Are there concentration camps in France? There aren't any formal concentration camps but life in certain areas increasingly resemble life in concentration camps. People are victimized (robbed, assaulted, raped, tortured) by mobs of (typically) ethnic youth under the complete passivity of the "police". Their crimes? It varies. Resisting racket. Not being a drug addict. Not being a drug dealer. Not being a muslim. Being a muslim girl who does not wear a veil. Working at school. Being an easy prey (elderly). Having refused to give a cigarette. Having filed a complaint with the police following an act of vandalism. People can't escape these neighborhood for economic reasons and they are totally let down by the police. So, what's the difference between that and a concentration camp?

Fair enough, but what does that have to do with collectivism? Well, a basic premise of collectivism is that, in a free society, it is impossible for individuals to improve their lot by hard work and voluntary exchange. Once this premise is gone, so is collectivism. Therefore, when the collectivists get in power, they make it impossible for poor people to escape poverty by their own individual effort. Hence the importance of letting violent predators victimize these people. If law and order were maintained in these neighborhoods, some people would make it, and the whole theory that they are helpless and that the state should take care of them would entirely collapse. Let's put them in a nightmarish concentration camp in order to make sure they won't succeed. A incorrect theory should never be put to empirical test. The Gulag is the secret place where those who jeopardize the theory end up.

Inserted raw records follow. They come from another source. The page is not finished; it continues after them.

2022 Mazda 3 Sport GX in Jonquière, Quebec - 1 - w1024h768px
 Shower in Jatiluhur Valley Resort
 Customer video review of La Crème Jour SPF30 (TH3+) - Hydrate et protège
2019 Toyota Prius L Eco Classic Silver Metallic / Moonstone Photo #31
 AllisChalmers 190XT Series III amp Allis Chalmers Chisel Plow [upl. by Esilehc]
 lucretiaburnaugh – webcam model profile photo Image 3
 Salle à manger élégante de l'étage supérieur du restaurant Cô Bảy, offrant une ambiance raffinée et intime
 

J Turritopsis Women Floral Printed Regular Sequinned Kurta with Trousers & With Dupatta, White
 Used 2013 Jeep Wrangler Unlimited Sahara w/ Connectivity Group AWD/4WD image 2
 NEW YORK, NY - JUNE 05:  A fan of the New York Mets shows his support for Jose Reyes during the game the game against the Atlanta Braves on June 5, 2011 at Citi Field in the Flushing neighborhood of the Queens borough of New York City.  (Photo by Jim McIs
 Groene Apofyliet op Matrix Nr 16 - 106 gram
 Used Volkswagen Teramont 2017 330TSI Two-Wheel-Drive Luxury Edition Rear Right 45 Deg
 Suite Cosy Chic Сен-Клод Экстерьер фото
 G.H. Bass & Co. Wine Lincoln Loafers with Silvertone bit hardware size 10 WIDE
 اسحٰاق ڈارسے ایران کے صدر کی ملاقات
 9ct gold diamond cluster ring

Collectivism has produced a new kind of human being. In my French Blog I call him Homo Collectivus Gallus. What is he? A frustrated, impotent loser who blames others for his own failures. A guy who only knows how to deploy energy in order to destroy. A guy whose main feeling, by far, is envy. Who only shows "courage" when in a crowd against a weaker party. A lot of such people have invaded the ministry of education. They penalize brilliant children by imposing on them a feeling of guilt. They block any conceivable evolution. They lobby for further funding which eventually funds their lazy absenteeism. They don't mind to spoil the future of children by sabotaging an entire trimester with a strike. For these people, the ministry of education is meant to provide services to them. And the children are just hostages; to make sure they can grab enough from society. Their most important choice in life was made not on the basis of positive considerations (what am I going to do for a living?), but on the basis of negative ones (when shall I retire? When is the next vacation? How about sickness benefits?). The job is of interest to them not because of what you do in the job but because of what you don't do. And in the process, they train more Homines
Collectivi Galli.

Among the traditional values that the collectivists virtually abolished, one is individual responsibility. A prerequisite for individual responsibility is freedom. If you are not free to act, why should you be liable for your actions? But, conversely, a prerequisite for freedom is responsibility. If you are not held responsible for your acts, why should you abstain from infringing on other's freedom? So if we manage to convince people that people should not be accountable for the consequences of their acts upon others because it is "too tough", then you have won. Especially if at the same time, building on feelings of anger, you maintain that somebody is responsible. You're going to substitute prevention for punishment. You're going to transfer responsibility from the individual to other connected individuals or to society as a whole. I'm not going to sell you a knife because you could use it as a weapon -- but trust me, I won't do it -- I can't trust you, if you kill somebody with it, people say you aren't really responsible and they might even say I'm responsible. We don't want such bad social outcomes, do we? We want a nice and peaceful society. How do we get it when we are so nice we can't punish criminals. Well, let's be precautionary. Let's avoid trouble. Let's prohibit the sale of knives altogether.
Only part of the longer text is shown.